In spring I find the voice of the song thrush to be one of the most uplifting sounds of nature. The distinctiveness of its repertoire has captured the imaginations of people throughout time. Robert Browning wrote about the song thrush in his poem Home Thoughts from Abroad:
"That's the wise thrush; he sings each song twice over,
Lest you should think he never could recapture
The first fine careless rapture!"
Not only does this poem hint at the significance of the thrush’s song but also one of its most recognisable features; the song thrush invariably repeats itself. Not every phrase in its repertoire is melodic or fluty but its notes are always very clear.
While a blackbird’s notes blend into each other smoothly, those of a song thrush are more random and punctuated by short gaps. The song thrush sings better with age and even picks up extra notes during the spring and summer; it is able to mimic sounds in its environment so it is likely that a bird will hear notes from other birds and add them to its own song.

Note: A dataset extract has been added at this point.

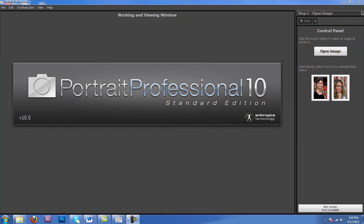Hey guys. Today I'm going to be showing you how to use Portrait Professional 10. This software is actually used to work on a person's face. Anybody that does a lot of portrait work and wants to have that glamour look, or really just clean up a face a little bit better than what Photoshop offers in my opinion, this is the program to do it.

To help protect our song thrushes we can make our gardens more welcoming to them. Firstly we can plant climbers against walls and allow shrubs to establish themselves in quiet corners of the garden to provide places for thrushes to nest.
Fortunately thrushes eat earthworms so an area of lawn is good for them but using slug pellets is most definitely not. Apart from eating worms, song thrushes also take a lot of snails and some slugs. Song thrushes will take food from a low bird table once they are accustomed to do so; mealworms, fruit (including sultanas) and pieces of cake will all be taken gratefully.
Finally a source of water is vital for them so a small pond or bird bath, regularly topped up with fresh water, is a good idea.